Per ottenere le licenze d’uso si è dovuto aspettare fino a tre mesi per ottenerne una. E’ proprio vero che, come recita un moto popolare, “tutto il mondo è paese”. Nel senso che c’è sempre chi fa il furbo riuscendo a vendere l’autorizzazione al mercato nero, anche per centinaia di euro. Le restrizioni sono dovute anche al tempo che le autorità governative cinesi hanno impiegato per la verifica dei nuovi chat bot e per come limitarli. Il Partito-Stato Comunista è molto sensibile a possibili linguaggi che possono risultare sgraditi.

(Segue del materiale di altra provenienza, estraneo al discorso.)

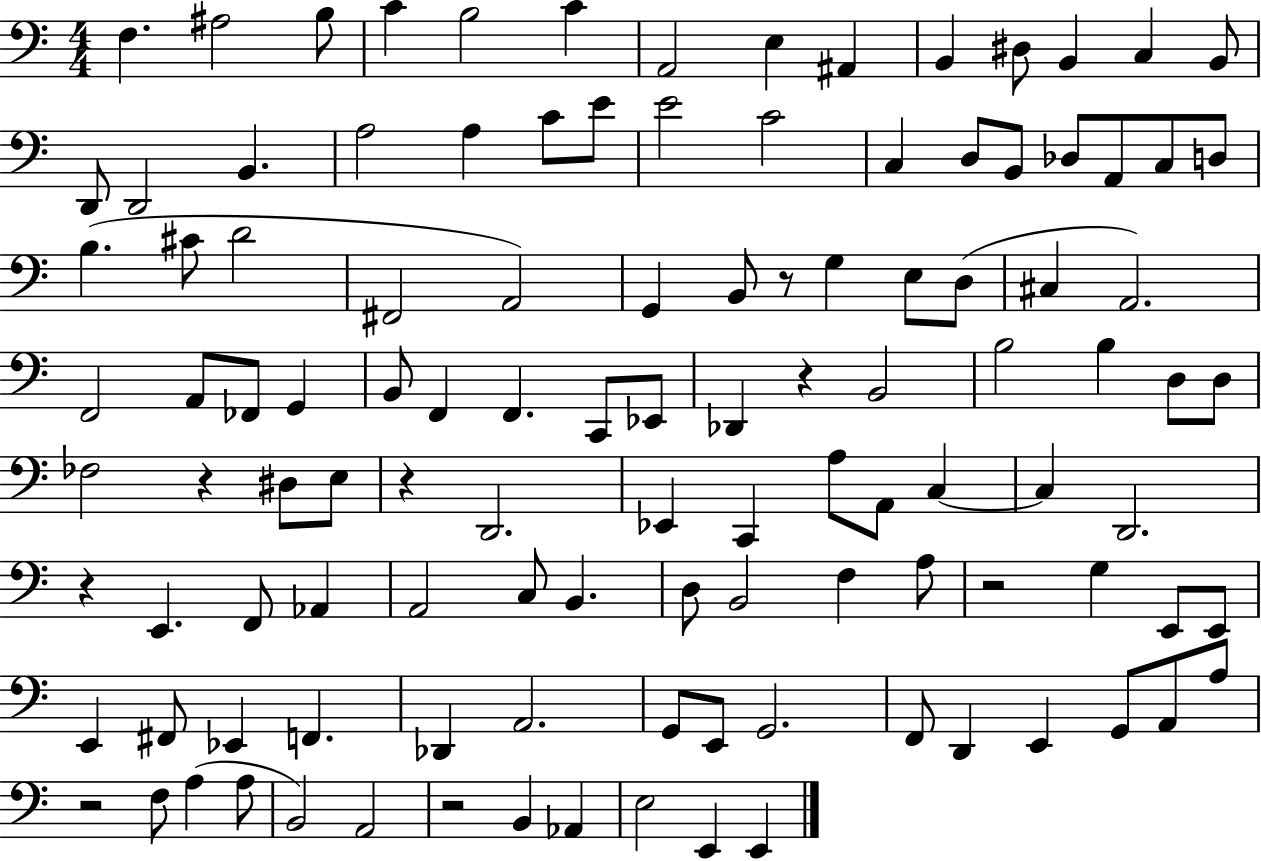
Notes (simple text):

F3/q. A#3/h B3/e C4/q B3/h C4/q A2/h E3/q A#2/q B2/q D#3/e B2/q C3/q B2/e D2/e D2/h B2/q. A3/h A3/q C4/e E4/e E4/h C4/h C3/q D3/e B2/e Db3/e A2/e C3/e D3/e B3/q. C#4/e D4/h F#2/h A2/h G2/q B2/e R/e G3/q E3/e D3/e C#3/q A2/h. F2/h A2/e FES2/e G2/q B2/e F2/q F2/q. C2/e Eb2/e Db2/q R/q B2/h B3/h B3/q D3/e D3/e FES3/h R/q D#3/e E3/e R/q D2/h. Eb2/q C2/q A3/e A2/e C3/q C3/q D2/h. R/q E2/q. F2/e Ab2/q A2/h C3/e B2/q. D3/e B2/h F3/q A3/e R/h G3/q E2/e E2/e E2/q F#2/e Eb2/q F2/q. Db2/q A2/h. G2/e E2/e G2/h. F2/e D2/q E2/q G2/e A2/e A3/e R/h F3/e A3/q A3/e B2/h A2/h R/h B2/q Ab2/q E3/h E2/q E2/q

Sono stati resi obbligatori, infatti, meccanismi di moderazione che vietano discorsi politici relativi, ad esempio, a Taiwan, alle Due Cine e al leader maximo Xi Jinping. Il governo ha approvato una normativa che regola i servizi basati sull’IA generativa, secondo cui le licenze amministrative senza le quali non si può operare, debbano essere rilasciate dalla Cyberspace Administration. Ovvero l’autorità il cui scopo è la regolamentazione del mondo digitale e come i cittadini utilizzano Internet. I codici distribuiti finora sono accessibili a 1,4 miliardi di cittadini cinesi. Molti confidano nella vivacità nell’uso di internet, soprattutto da parte dei giovani più sensibili alle tecnologie, che possa offrire delle possibilità, chissà, di allentare le maglie dell’implacabile rete censoria.

Ad esempio indirizzare l’IA verso l’utilizzo di analogie delle parole vietate dai sistemi. Come già avviene nel “democratico occidente”, quando si tratta di immagini o testi negati per motivi vari che vanno dal sesso esplicito o a pratiche illegali. Come dire che “per ogni nuova legge c’è sempre qualcuno che proverà a trovare il modo per aggirarla, anche con esiti positivi”. E in Italia di questo siamo maestri. Ma se “Atene piange, Sparta non ride”. Nel senso che se la Cina utilizza metodi autoritari per censurare, l’occidente non è da meno. I metodi saranno senz’altro meno cruenti, ma più subdoli e con la stessa efficacia. Come ad esempio la recente approvazione del Digital Services Act (DSA), il regolamento europeo dei servizi digitali. Ovvero, come recita la proprietà commutativa della matematica “cambiando l’ordine degli addendi, il risultato non cambia”.